Frederico tinha-a deixado antes de ir assinar um contrato qualquer. Não lhe perguntara o quê nem ele lho dissera. Afinal nada sabia da vida dele. Em todo o tempo que passavam juntos nunca conversaram de coisas pessoais. Eram coisas banais e divertidas num tom sempre atencioso que vinham á baila. Parecia-lhes bastar isso. Afinal ele estava sómente a ajudá-la por se sentir na obrigação de o fazer... O que era curioso é que parecia sentirem-se bem e tudo lhes parecer fácil e normal.

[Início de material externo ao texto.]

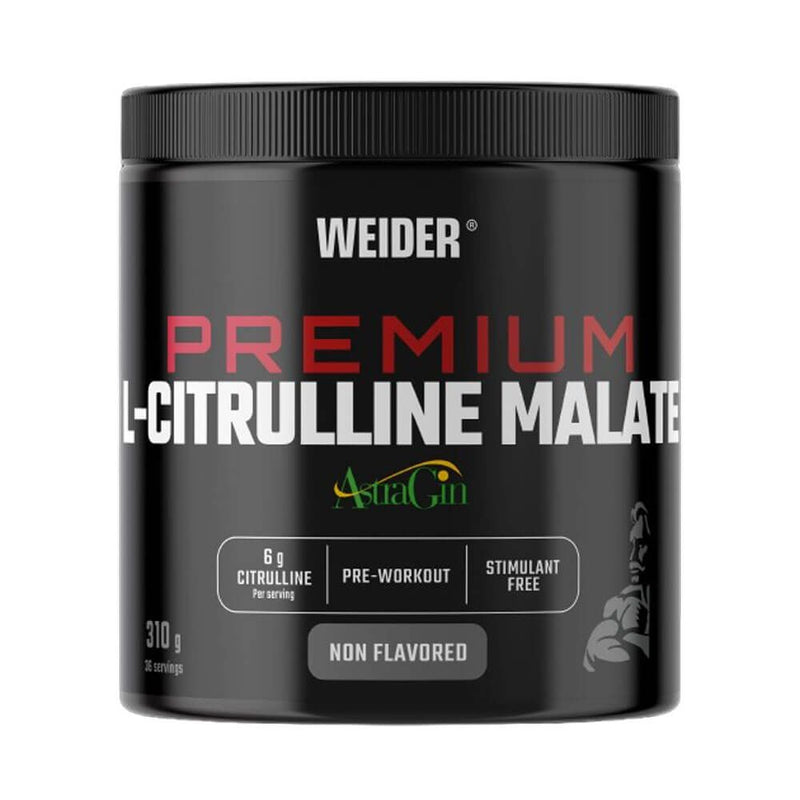 Weider Premium L-Citrulline Malate - Weider 0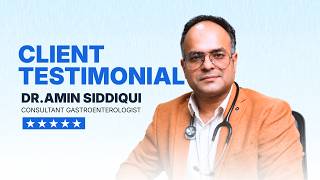 Dr. Amin Siddiqui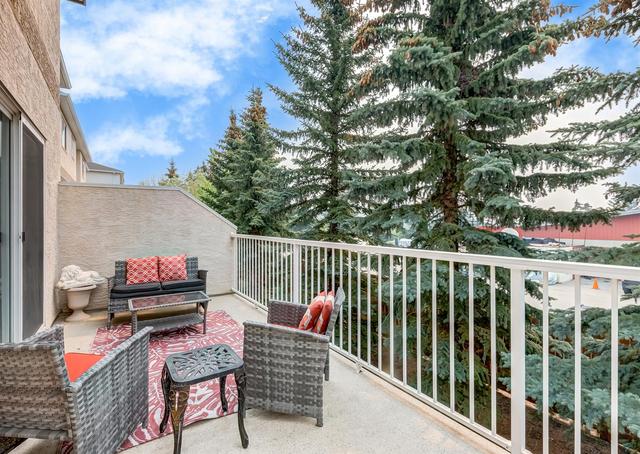 109 Country Hills Gardens Nw, Home with 2 bedrooms, 2 bathrooms and 4 parking in Calgary AB | Image 18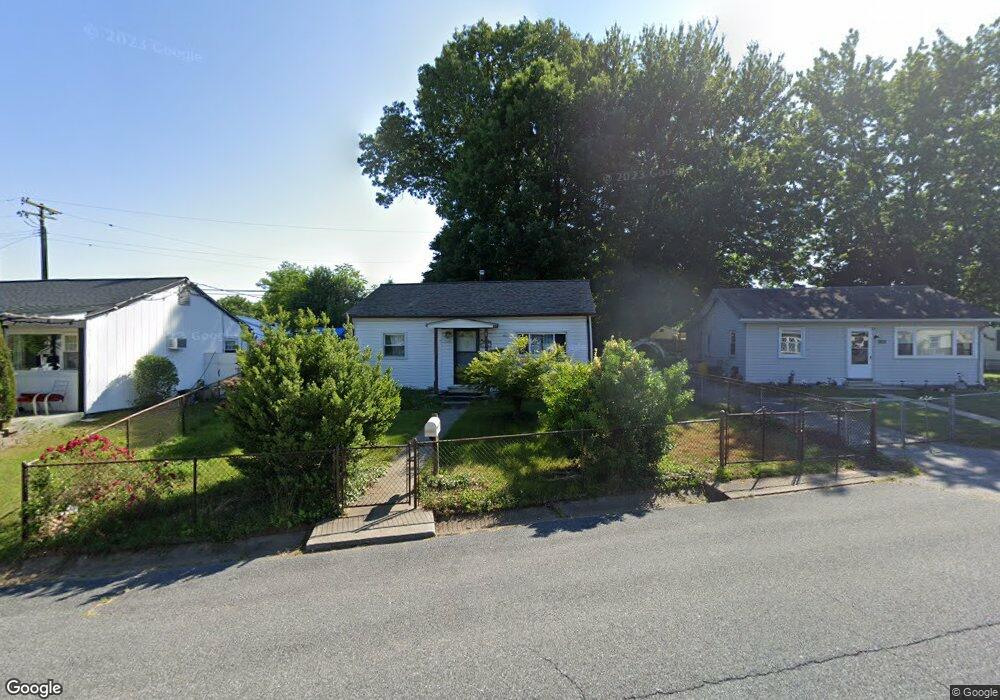 904 Cord St, Middle River, MD 21220 - photo 1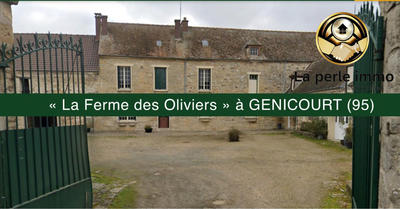 Duplex - 62 m² - 2 pièces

Os homens... Nunca tivera dificuldades em relacionar-se com o sexo oposto. Tudo fluía naturalmente até que por vezes as vidas se cruzasssem de forma mais profunda. Aí começavam as grandes diferenças entre todos os homens com quem se cruzara. Com todos aprendera novas formas de estar e ser. Crescera e fizera de si o que era hoje. Com as alegrias, as tristezas, os sonhos e as desilusões, fez-se mais forte. Construiu-se outra, perdendo e ganhando aqui e ali. Descobriu-se mulher inteira no renascer das amarguras do amor. Não se tornara uma mulher fria, mas sabia agora distanciar-se das coisas e vê-las numa perspectiva mais alargada. Como se o propósito das coisas não lhe pertencesse só a ela. Fosse parte de algo maior. Sentia que nada lhe acontecia por acaso e que nada lhe pertencia verdadeiramente. Como se fizesse parte dum todo que ganhava ou perdia conforme ela o fizesse. Decidira não se deixar vencer.